Off On Our Own: Living Off-Grid in Comfortable Independence: One Couple's "Learn as We Go" Journey to Self-Reliance in many ways reads like the well-known sustainability memoirs of Helen and Scott Nearing, providing a history of the Carns's efforts and the various projects they took on over the years, detailing techniques of farming and DIY technology that did or did not succeed, and illustrating their home, gardens, and various other projects as examples for others to take advantage of. Like the Nearings, the Carnses have become local environmentalist gurus, and their homestead - "Stone Camp" - has become an educational destination for those interested in sustainable lifestyles or contemplating starting their own off-grid property.
The Carnses are not technology-phobic: they have a variety of power tools and electrical technology (including TV and radio) and discuss the pros and cons of solar, wind, and micro-turbine power sources and their own history with them. They willingly recycle plastic and metal from rubbish dumps for farm-related purposes, and see this as a form of environmental cleanup. But they also extoll hand labor, and have set up many ingenious (and not so) contraptions to assist with chores. Their attitude toward environmentalism is to seek net zero impact and to take personal responsibility - through personal labor - in doing so, but not to needlessly fetishize the "natural" to the point of excluding the actual benefits of technology. This is a valuable illustration of one point of view along the contentious spectrum of environmentalist purity, and one of the book's main strengths is the opportunity it provides to hear an experienced voice report on that topic.
The book contains a wealth of useful information, and many photographs, for those interested in pursuing a back-to-the-land off-grid lifestyle for themselves. Reading between the lines, it is also a revealing illustration of how far off any recognizable grid it is possible to go (living in a home partly constructed around a tree growing through the roof, drinking fermented glop from old canning jars, and dragging home every bit of scrap metal and broken machinery possible in order to retrofit them to some Rube Goldberg farm tool). It turns out that "comfortable independence" depends to a very great degree on what you regard as comfort.

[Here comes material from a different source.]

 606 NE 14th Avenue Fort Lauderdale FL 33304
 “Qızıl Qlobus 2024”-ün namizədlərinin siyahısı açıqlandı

Readers interested in environmentally-conscious living will find the book entertaining and thought-provoking. Those seriously contemplating pursuing a similar lifestyle will find it offers a useful exercise in repeatedly challenging themselves: "is that really necessary?"; "am I willing to go that far?"; "what are my commitments and what will I do to live up to them?" As a contribution to the literature of committed and experienced sustainable-lifestyle advocates, Off On Our Own occupies a particular and fascinating niche, simultaneously more extreme in practice but less so in politics than the works of the Nearings, more slapdash in execution than the Whole Earth ethos but more inventive and creative than Mother Earth News. The Carnses come off as a cross between an old farmer-hippie couple and Tom Bombadil and Lady Goldberry of Tolkien's fantasy paradise - a charming and welcoming pair of guides along an unique but rewarding path.